WHAT THIS TASK INVOLVES = From the listing below, copy only the lines running from the line that contains "Cottage Reviews (Phuket/Phuket Town)" to the line that contains "غرفة قياسية سرير كينج, Golden Lotus Varanasi", both included.

EXCERPTED RECORDS =
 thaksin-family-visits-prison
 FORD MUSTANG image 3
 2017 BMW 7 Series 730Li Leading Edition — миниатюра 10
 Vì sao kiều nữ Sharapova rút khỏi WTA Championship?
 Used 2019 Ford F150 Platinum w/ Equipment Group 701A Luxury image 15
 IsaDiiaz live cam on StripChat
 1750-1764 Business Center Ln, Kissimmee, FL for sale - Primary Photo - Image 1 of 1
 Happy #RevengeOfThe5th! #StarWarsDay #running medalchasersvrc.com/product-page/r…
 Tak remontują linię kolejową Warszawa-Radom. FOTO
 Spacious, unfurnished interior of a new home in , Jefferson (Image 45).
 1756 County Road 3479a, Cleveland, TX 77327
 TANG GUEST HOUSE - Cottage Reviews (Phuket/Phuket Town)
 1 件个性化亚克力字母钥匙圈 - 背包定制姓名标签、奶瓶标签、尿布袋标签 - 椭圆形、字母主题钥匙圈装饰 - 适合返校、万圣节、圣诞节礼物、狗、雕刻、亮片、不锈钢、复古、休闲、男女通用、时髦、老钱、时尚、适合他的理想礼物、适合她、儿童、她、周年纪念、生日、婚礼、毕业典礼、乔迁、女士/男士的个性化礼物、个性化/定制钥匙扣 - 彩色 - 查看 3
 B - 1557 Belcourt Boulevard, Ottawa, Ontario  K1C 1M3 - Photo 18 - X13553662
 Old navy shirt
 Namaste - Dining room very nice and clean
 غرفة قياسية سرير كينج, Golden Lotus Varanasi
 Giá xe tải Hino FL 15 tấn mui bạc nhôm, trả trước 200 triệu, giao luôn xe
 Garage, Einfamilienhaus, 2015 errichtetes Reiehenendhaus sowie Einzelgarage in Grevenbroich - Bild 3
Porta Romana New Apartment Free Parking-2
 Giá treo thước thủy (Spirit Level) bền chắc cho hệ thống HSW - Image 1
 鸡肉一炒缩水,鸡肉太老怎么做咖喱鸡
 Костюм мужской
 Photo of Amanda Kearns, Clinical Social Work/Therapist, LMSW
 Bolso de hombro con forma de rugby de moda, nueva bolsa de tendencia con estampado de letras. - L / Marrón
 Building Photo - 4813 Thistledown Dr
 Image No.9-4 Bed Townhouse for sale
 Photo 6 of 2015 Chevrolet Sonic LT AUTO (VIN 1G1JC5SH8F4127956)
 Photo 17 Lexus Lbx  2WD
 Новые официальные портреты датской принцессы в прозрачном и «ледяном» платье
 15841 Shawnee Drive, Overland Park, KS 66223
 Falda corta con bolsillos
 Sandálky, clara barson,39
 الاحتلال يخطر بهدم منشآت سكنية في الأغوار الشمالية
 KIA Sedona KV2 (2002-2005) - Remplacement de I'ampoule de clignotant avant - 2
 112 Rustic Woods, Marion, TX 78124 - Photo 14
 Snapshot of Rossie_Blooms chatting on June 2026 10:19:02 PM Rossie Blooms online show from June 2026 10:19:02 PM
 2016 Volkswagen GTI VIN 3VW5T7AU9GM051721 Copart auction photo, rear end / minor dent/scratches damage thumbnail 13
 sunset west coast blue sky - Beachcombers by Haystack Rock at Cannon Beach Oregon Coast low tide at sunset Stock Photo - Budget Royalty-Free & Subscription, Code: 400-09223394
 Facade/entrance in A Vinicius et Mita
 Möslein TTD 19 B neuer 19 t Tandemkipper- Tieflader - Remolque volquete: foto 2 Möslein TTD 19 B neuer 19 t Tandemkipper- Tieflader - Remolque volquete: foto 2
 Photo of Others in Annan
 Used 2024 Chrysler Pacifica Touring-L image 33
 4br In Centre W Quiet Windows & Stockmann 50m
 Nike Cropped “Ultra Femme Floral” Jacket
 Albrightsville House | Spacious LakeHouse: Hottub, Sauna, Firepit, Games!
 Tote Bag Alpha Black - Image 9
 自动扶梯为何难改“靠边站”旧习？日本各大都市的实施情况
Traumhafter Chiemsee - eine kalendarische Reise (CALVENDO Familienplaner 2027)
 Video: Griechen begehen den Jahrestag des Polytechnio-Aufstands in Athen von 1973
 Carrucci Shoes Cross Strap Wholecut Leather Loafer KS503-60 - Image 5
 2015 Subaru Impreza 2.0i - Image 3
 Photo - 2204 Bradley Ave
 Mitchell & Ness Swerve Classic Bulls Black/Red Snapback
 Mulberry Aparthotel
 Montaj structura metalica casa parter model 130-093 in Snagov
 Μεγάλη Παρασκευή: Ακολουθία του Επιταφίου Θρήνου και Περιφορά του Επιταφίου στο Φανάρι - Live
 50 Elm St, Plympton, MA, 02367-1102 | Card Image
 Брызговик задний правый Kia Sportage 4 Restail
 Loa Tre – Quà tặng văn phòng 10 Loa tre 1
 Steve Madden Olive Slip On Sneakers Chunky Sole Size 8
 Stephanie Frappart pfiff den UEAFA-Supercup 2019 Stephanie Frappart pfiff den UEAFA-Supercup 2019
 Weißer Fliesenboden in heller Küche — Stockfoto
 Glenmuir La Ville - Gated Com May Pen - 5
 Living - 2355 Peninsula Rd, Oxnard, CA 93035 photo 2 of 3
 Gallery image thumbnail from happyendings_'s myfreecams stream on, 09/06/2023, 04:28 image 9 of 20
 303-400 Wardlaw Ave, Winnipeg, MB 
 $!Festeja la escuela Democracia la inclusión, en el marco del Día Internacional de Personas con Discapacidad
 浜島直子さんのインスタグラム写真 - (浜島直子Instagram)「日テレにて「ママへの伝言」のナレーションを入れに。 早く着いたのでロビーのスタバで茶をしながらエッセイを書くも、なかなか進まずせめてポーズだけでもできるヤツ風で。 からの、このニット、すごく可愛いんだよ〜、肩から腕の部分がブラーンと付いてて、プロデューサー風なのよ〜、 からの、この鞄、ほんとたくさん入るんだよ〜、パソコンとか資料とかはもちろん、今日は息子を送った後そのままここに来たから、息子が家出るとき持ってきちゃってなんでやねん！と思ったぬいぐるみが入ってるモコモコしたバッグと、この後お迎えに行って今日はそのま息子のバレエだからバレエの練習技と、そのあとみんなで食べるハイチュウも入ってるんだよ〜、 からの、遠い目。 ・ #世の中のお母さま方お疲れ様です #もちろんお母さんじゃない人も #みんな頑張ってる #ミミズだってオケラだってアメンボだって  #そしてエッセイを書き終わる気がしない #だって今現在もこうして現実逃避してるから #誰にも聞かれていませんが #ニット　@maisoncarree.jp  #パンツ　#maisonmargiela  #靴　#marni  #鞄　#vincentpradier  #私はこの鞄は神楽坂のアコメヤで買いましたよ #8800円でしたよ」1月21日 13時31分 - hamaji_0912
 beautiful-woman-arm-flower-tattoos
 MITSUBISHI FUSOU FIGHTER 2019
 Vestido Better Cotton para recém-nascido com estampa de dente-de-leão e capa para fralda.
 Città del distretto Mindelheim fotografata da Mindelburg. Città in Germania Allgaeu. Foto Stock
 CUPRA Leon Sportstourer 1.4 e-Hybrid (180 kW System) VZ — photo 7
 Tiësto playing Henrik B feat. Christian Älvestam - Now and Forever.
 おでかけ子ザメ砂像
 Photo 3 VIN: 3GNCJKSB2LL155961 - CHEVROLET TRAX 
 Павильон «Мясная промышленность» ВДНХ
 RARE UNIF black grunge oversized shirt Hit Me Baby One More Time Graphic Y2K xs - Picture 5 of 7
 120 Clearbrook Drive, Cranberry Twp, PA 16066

TASK ANSWER =
 TANG GUEST HOUSE - Cottage Reviews (Phuket/Phuket Town)
 1 件个性化亚克力字母钥匙圈 - 背包定制姓名标签、奶瓶标签、尿布袋标签 - 椭圆形、字母主题钥匙圈装饰 - 适合返校、万圣节、圣诞节礼物、狗、雕刻、亮片、不锈钢、复古、休闲、男女通用、时髦、老钱、时尚、适合他的理想礼物、适合她、儿童、她、周年纪念、生日、婚礼、毕业典礼、乔迁、女士/男士的个性化礼物、个性化/定制钥匙扣 - 彩色 - 查看 3
 B - 1557 Belcourt Boulevard, Ottawa, Ontario  K1C 1M3 - Photo 18 - X13553662
 Old navy shirt
 Namaste - Dining room very nice and clean
 غرفة قياسية سرير كينج, Golden Lotus Varanasi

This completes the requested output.